↓↓↓
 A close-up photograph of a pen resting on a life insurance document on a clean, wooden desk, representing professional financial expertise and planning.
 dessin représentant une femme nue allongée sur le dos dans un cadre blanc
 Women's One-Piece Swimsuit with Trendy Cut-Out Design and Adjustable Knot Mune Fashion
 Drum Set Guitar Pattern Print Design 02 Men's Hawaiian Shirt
↑↑↑
↓↓↓
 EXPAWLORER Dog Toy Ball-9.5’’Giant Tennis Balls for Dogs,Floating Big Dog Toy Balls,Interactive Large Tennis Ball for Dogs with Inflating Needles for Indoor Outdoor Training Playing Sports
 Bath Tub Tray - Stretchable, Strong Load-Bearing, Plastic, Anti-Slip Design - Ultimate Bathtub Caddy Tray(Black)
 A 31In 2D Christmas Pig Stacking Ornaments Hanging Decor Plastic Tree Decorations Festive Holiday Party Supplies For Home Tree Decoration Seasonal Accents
↑↑↑
WHAT NEEDS TO BE DONE:
What are the lines above, starting at the one with "Bath Tub Tray" and ending at the one with "A 31In 2D Christmas"? Give them again exactly, and only them.

RESPONSE FOR THIS EXERCISE:
 Bath Tub Tray - Stretchable, Strong Load-Bearing, Plastic, Anti-Slip Design - Ultimate Bathtub Caddy Tray(Black)
 A 31In 2D Christmas Pig Stacking Ornaments Hanging Decor Plastic Tree Decorations Festive Holiday Party Supplies For Home Tree Decoration Seasonal Accents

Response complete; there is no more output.